I watched two of his PBS shows and found them very interesting and informative.
The last one I saw he did a comparison on three ways to finish a brisket, foil, butchers paper or naked. I'm going to do the butchers paper on my next brisket.
I want to checkout his book also.


----------



## NaClH2O (May 25, 2004)

Reality Czech said:


> The last one I saw he did a comparison on three ways to finish a brisket, foil, butchers paper or naked. I'm going to do the butchers paper on my next brisket.

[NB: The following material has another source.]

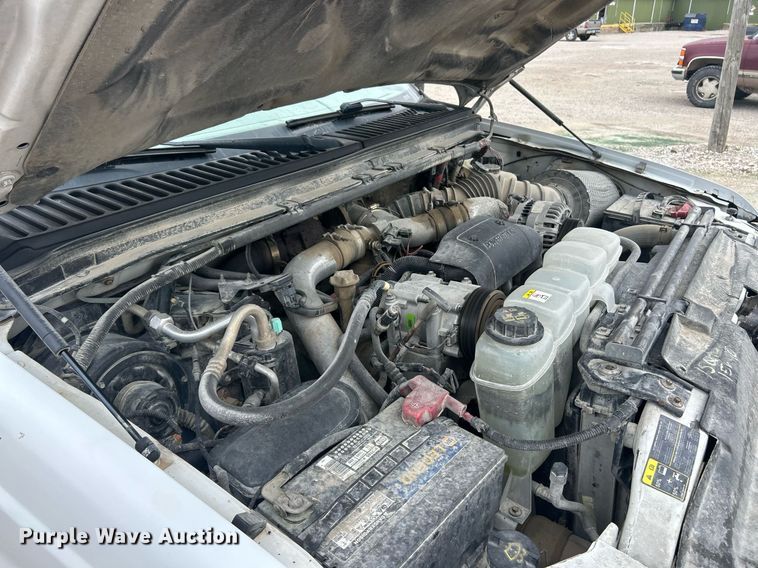 image for item EK8077 2003 Ford F350 Super Duty XL flatbed pickup truck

We have always used foil to wrap, but at our last cookoff we used butcher paper and I think they all came out a lot better. My thinking is it let the meat breathe just a little instead of steaming. We had one brisket that was the best thing I've ever tasted. Unfortunately, it was one we cooked for the public, so it didn't get turned in for competition. We cooked over 40 briskets that weekend and for some reason that one was just exceptional. It didn't look or feel any different than all the others and was cooked exactly the same. We've used foil for years and never had one that good. I'm not sure if the butcher paper had anything to do with it or not, but I'll keep trying until I figure it out.


----------



## porkchoplc (Aug 12, 2009)

His youtube channel is great. Very informative.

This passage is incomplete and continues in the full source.